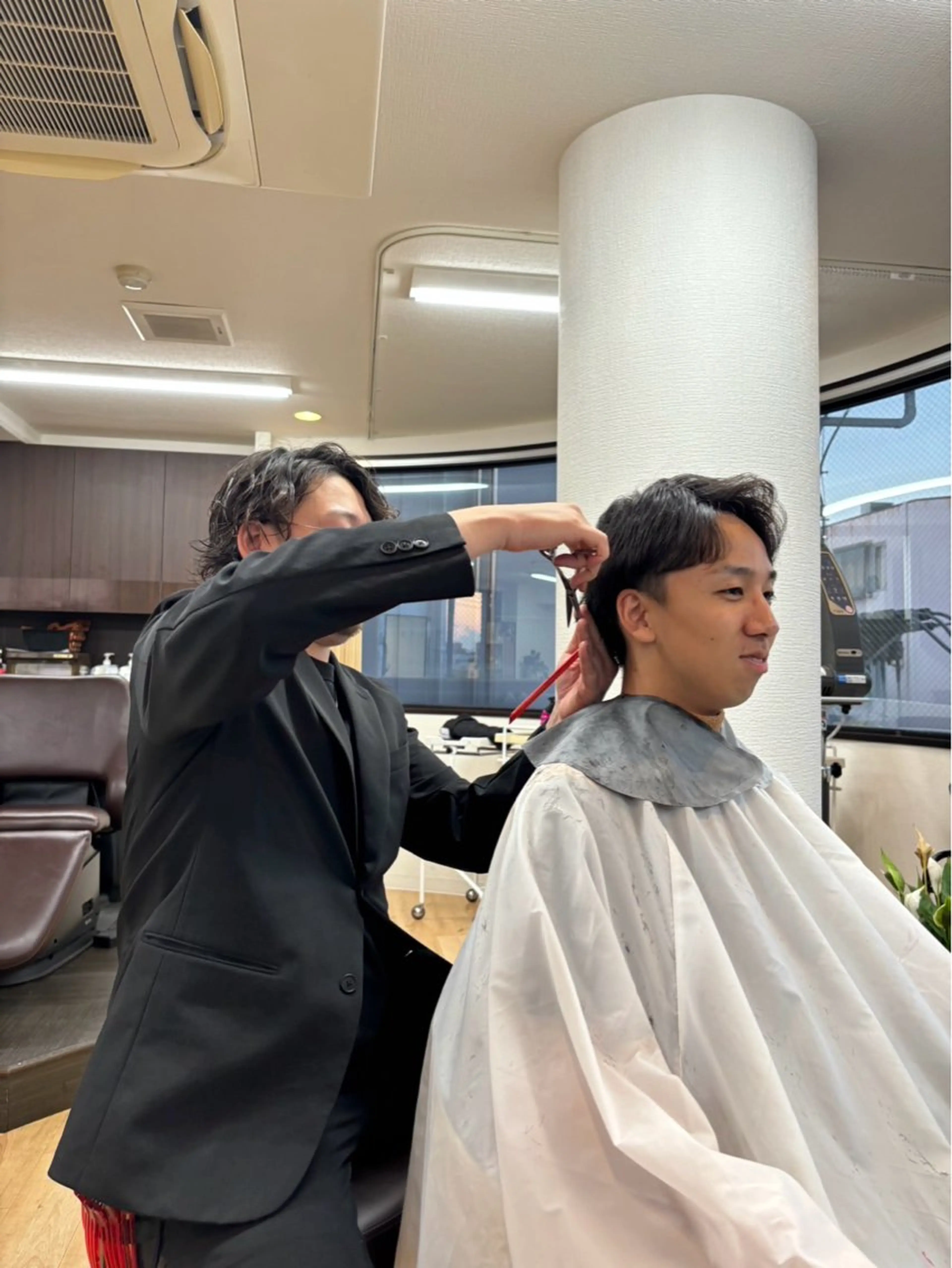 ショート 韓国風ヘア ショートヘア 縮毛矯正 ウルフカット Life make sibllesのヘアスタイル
--
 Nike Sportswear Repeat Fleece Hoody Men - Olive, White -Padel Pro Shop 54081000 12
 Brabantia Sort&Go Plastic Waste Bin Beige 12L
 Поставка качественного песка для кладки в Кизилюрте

WORK INSTRUCTION: Your answer should consist of the lines from the line with "Nike Sportswear Repeat" to the line with "Поставка качественного песка" above, repeated exactly, both ends included.

RESPONSE:
 Nike Sportswear Repeat Fleece Hoody Men - Olive, White -Padel Pro Shop 54081000 12
 Brabantia Sort&Go Plastic Waste Bin Beige 12L
 Поставка качественного песка для кладки в Кизилюрте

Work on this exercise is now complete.